It's referring to the supply chain of illegal drugs. Heroin comes in from SE asia, flown in to the US. Similar to the hair market before, it's a bad system, with no way to do quality control of the product.
Don't forget that Gary Webb broke the story about the CIA running the drugs to Rick Ross and other inner city areas, and ended up committing suicide (or according to some being suicided.)
The British and Dutch started it with the opium wars and now America took a page from their book and does it too. This is the real issue behind the war on drugs. They create a black market and then own that market, makes for tons of money that's unaccountable to congress (eg perfect for black budget ops).
Opium production in Afghanistan was almost nil before we invaded, and now Afghan heroin is getting shipped straight to America and business is booming! Similar things happened in Vietnam, Cambodia, and Laos.

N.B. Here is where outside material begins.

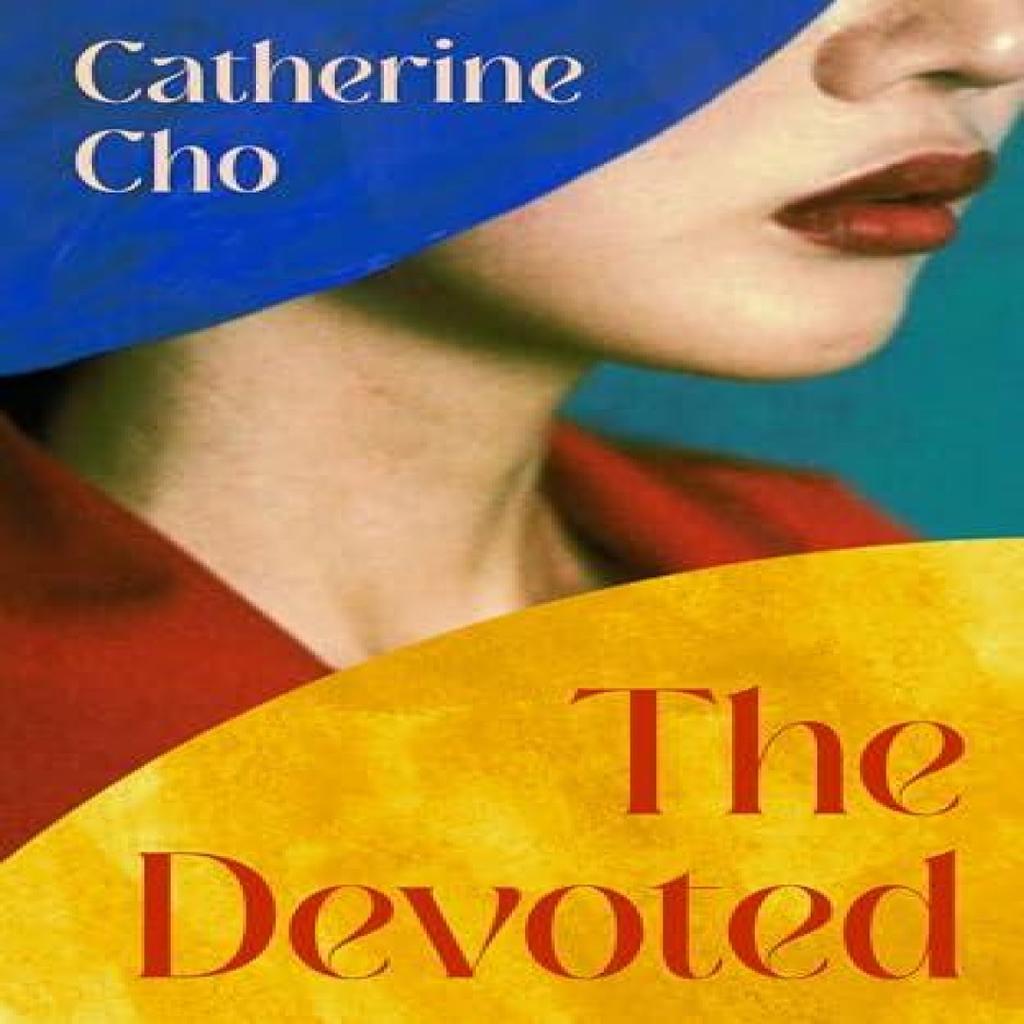 The Devoted by Catherine Cho Hardback Book 9780008763282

I hadn't connected the recent popularity of heroin with the decade-ago colonization of Afghanistan. But of course, that's the time it takes to setup mass cultivation, informal supply lines, domestic distribution networks, and finally, social popularity.
Gosh, this shit really does camouflage over human-imperceptible timescales.

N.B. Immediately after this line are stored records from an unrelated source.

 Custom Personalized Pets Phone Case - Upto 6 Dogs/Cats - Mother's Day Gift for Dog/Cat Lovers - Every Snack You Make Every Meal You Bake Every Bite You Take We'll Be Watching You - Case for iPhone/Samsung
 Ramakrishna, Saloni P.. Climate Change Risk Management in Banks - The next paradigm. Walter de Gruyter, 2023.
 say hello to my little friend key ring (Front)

The kind of entities that participate think in longer timescales than most, which is a key advantage for plausible deniability. Strategically effective, I'll give em that.
Was there actually an issue with the quality of the received hair?

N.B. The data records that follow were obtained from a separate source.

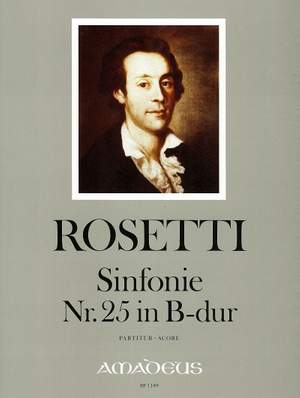 Rosetti, F A: Symphony No. 25 B flat RWV A43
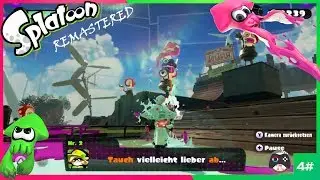 [Splatoon 1 Remastered] Part 4 - Ersatz fir den K&auml;pten Kuttelfisch!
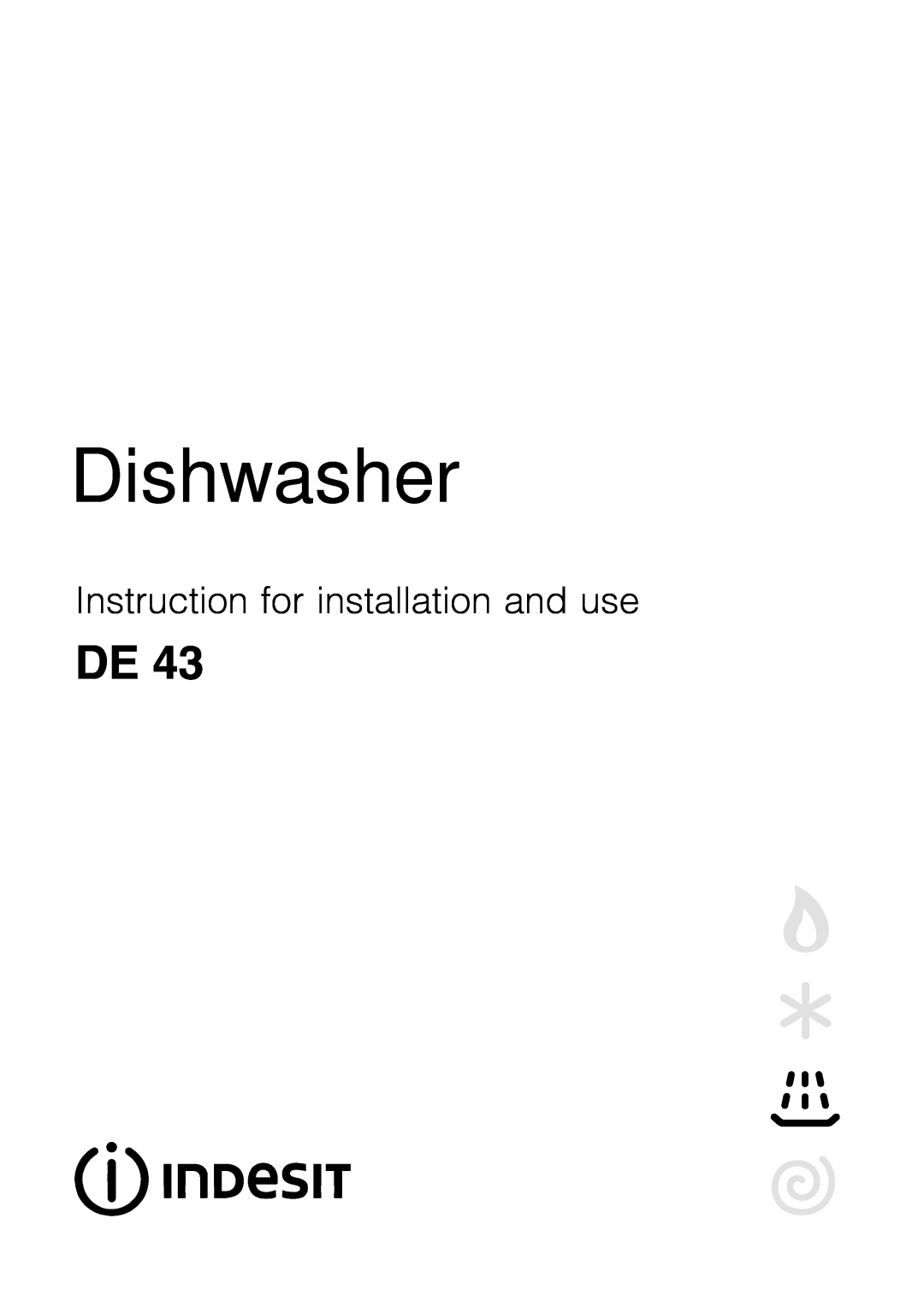 Indesit DE 43 manual Dishwasher, Instruction for installation and use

My reading of the linked article was the issue with hair was a question of credit, in that stylists did not have the money, nor the credit to be able to hold inventory, and not that the hair itself was bad.
He seems to have executed well. Instead of Hairstylists maintaining the inventory, Mayvenn maintains the inventory and hair-stylist will only show samples to their clients. Mayvenn basically takes over from delivery to returns etc. It make the hair-saloon much safer because they do not hold expensive inventory which is a big problem.